A novel hydrothermal process followed by heat treatment was used for the preparation of the layered LiNi0.5Co0.2Mn0.3O2 cathode materials for lithium ion batteries. The lithiated metal oxide precursor obtained from the hydrothermal process had a homogeneous distribution of metals and a weak crystallinity. The layered LiNi0.5Co0.2Mn0.3O2 powders were obtained by the post-heat treatment of the lithiated metal oxide. The materials were characterized by X-ray diffraction (XRD), scanning electron microscope (SEM), inductively coupled plasma (ICP), atomic absorption spectroscopy (AAS), cyclic voltammetry (CV), electrochemical impedance spectroscopy (EIS) and galvanostatic charge/discharge testing. The cathode material with hexagonal α-NaFeO2 structure, low cation mixing, appropriate crystallinity and homogeneous spherical particles was obtained.
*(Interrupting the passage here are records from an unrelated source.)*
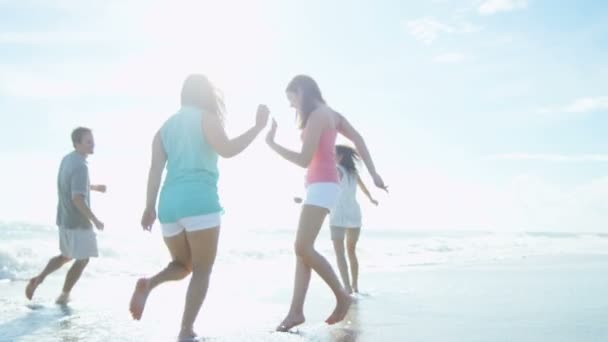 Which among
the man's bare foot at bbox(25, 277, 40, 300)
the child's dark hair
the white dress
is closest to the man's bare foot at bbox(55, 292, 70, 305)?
the man's bare foot at bbox(25, 277, 40, 300)

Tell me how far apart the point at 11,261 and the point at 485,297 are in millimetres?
10430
The results indicated that the initial discharge capacities of the cathode material were 150 mAh g−1, 165.7 mAh g−1 and 184.8 mAh g−1 at the discharge rate of 0.5 C (100 mA g−1) with the cut-off voltage range of 3.0–4.3 V, 2.8–4.4 V and 2.5–4.5 V, respectively, and it retained 97.6%, 99.4% and 99.2% of the initial capacity after 50 cycles. It indicated that the novel hydrothermal lithiation followed by post-heat treatment is a promising route for the synthesis of LiNi0.5Co0.2Mn0.3O2 cathode material with improved properties.